(Captioned web image data)

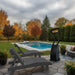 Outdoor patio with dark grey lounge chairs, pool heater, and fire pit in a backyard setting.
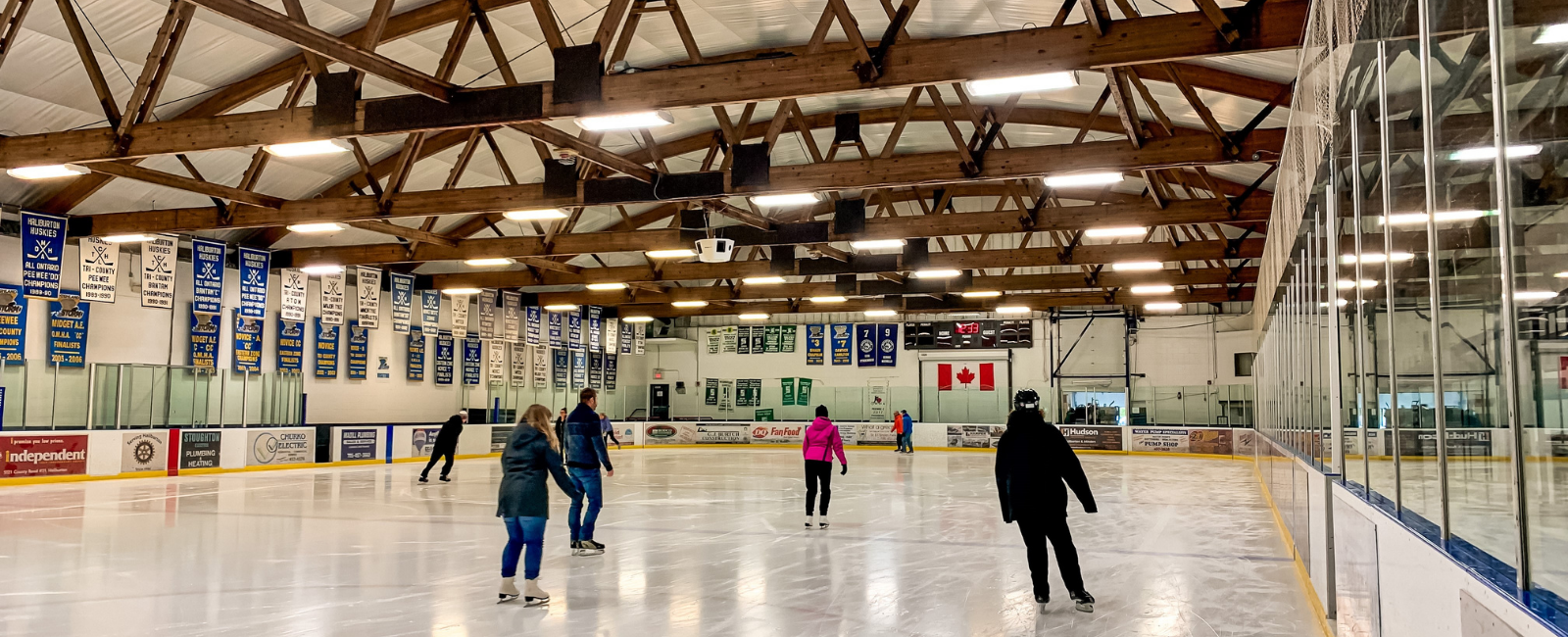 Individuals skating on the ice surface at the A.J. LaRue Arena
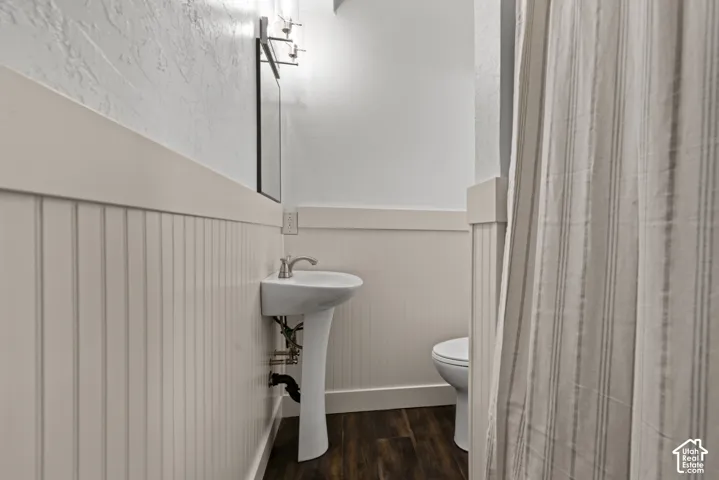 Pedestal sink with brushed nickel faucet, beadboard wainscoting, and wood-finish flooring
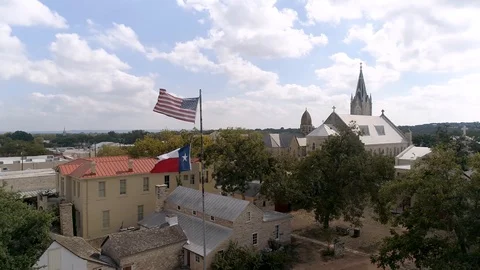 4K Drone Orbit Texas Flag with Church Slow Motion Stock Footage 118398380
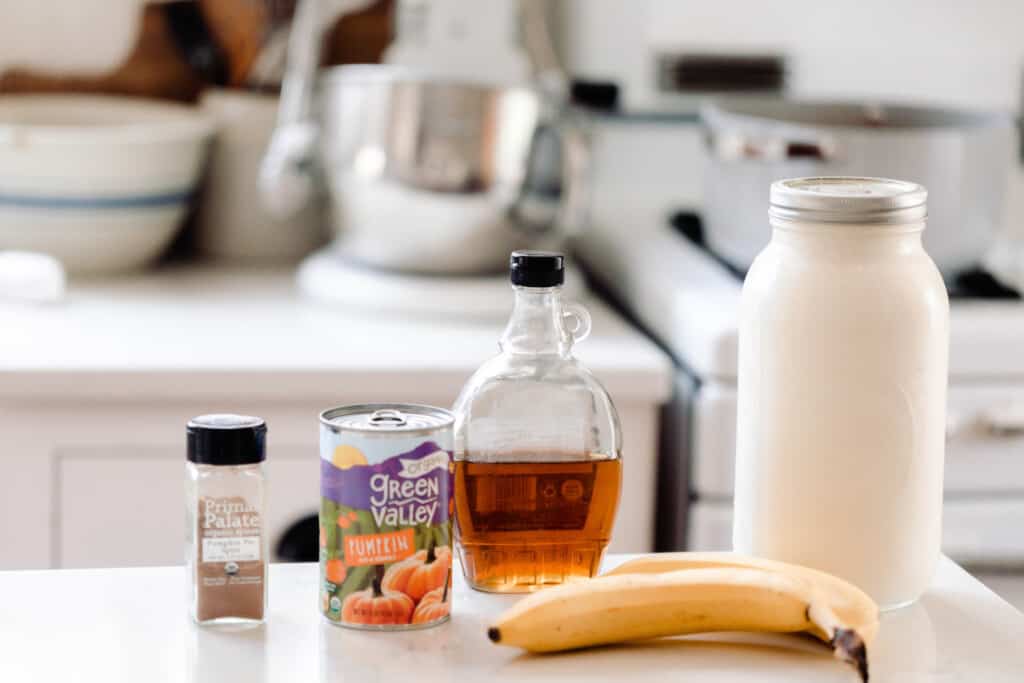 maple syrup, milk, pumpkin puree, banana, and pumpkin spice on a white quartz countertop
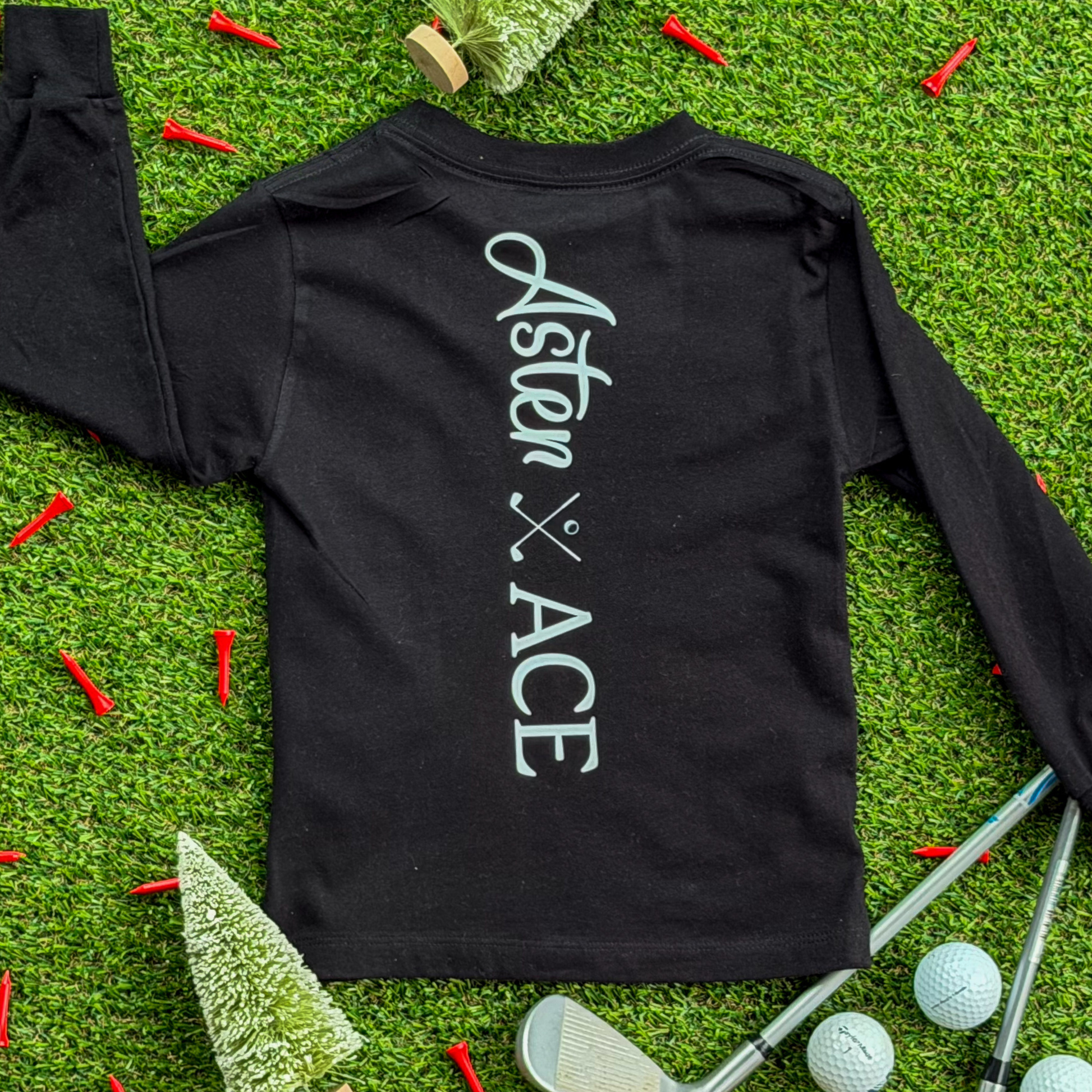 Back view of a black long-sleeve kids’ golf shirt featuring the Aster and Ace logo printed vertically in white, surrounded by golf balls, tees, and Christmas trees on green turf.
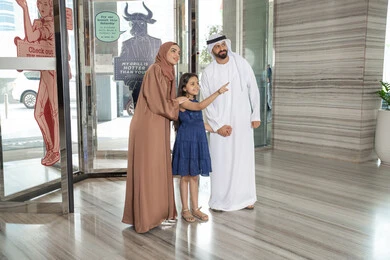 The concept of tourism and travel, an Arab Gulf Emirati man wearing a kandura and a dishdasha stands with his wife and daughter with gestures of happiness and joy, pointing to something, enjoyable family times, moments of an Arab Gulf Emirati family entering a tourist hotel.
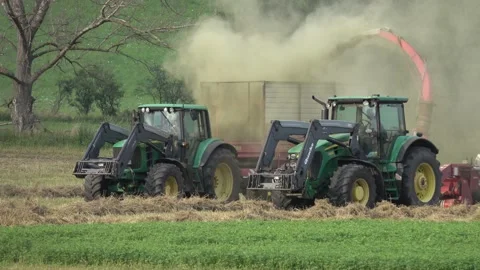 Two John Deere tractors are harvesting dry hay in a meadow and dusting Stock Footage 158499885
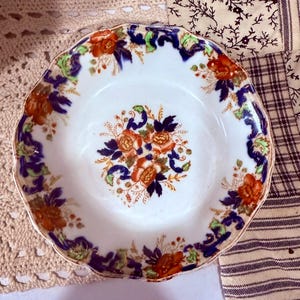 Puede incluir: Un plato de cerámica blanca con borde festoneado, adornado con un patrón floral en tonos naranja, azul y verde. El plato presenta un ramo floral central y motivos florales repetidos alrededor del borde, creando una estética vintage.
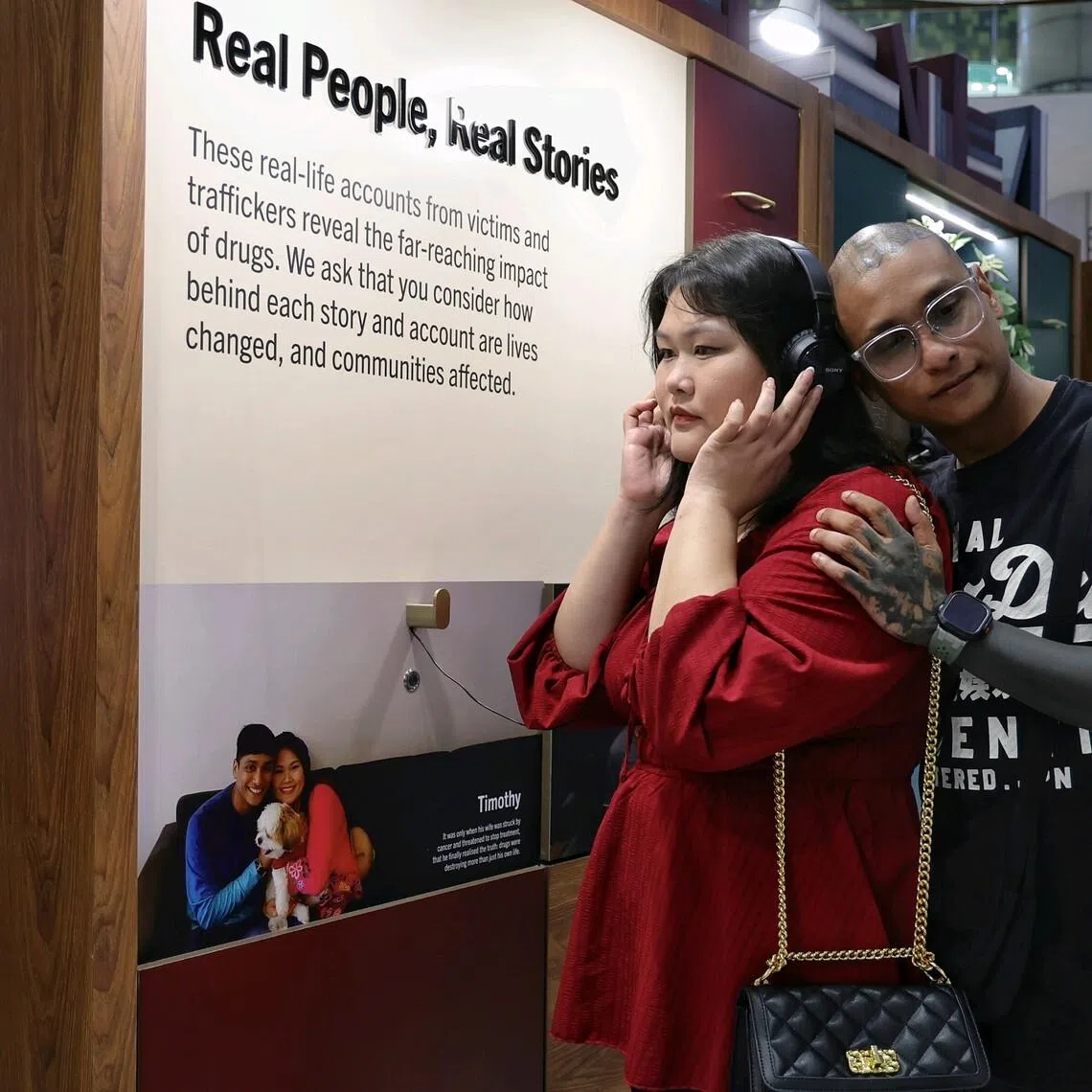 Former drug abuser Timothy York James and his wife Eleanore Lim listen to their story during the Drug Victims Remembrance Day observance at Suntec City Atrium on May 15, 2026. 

> [DIRECTIONS FOR THIS TASK]: All of the data should be returned word for word, with each picture left out.

> [ANSWER]:
 Outdoor patio with dark grey lounge chairs, pool heater, and fire pit in a backyard setting.
 Individuals skating on the ice surface at the A.J. LaRue Arena
 Pedestal sink with brushed nickel faucet, beadboard wainscoting, and wood-finish flooring
 4K Drone Orbit Texas Flag with Church Slow Motion Stock Footage 118398380
 maple syrup, milk, pumpkin puree, banana, and pumpkin spice on a white quartz countertop
 Back view of a black long-sleeve kids’ golf shirt featuring the Aster and Ace logo printed vertically in white, surrounded by golf balls, tees, and Christmas trees on green turf.
 The concept of tourism and travel, an Arab Gulf Emirati man wearing a kandura and a dishdasha stands with his wife and daughter with gestures of happiness and joy, pointing to something, enjoyable family times, moments of an Arab Gulf Emirati family entering a tourist hotel.
 Two John Deere tractors are harvesting dry hay in a meadow and dusting Stock Footage 158499885
 Puede incluir: Un plato de cerámica blanca con borde festoneado, adornado con un patrón floral en tonos naranja, azul y verde. El plato presenta un ramo floral central y motivos florales repetidos alrededor del borde, creando una estética vintage.
 Former drug abuser Timothy York James and his wife Eleanore Lim listen to their story during the Drug Victims Remembrance Day observance at Suntec City Atrium on May 15, 2026. 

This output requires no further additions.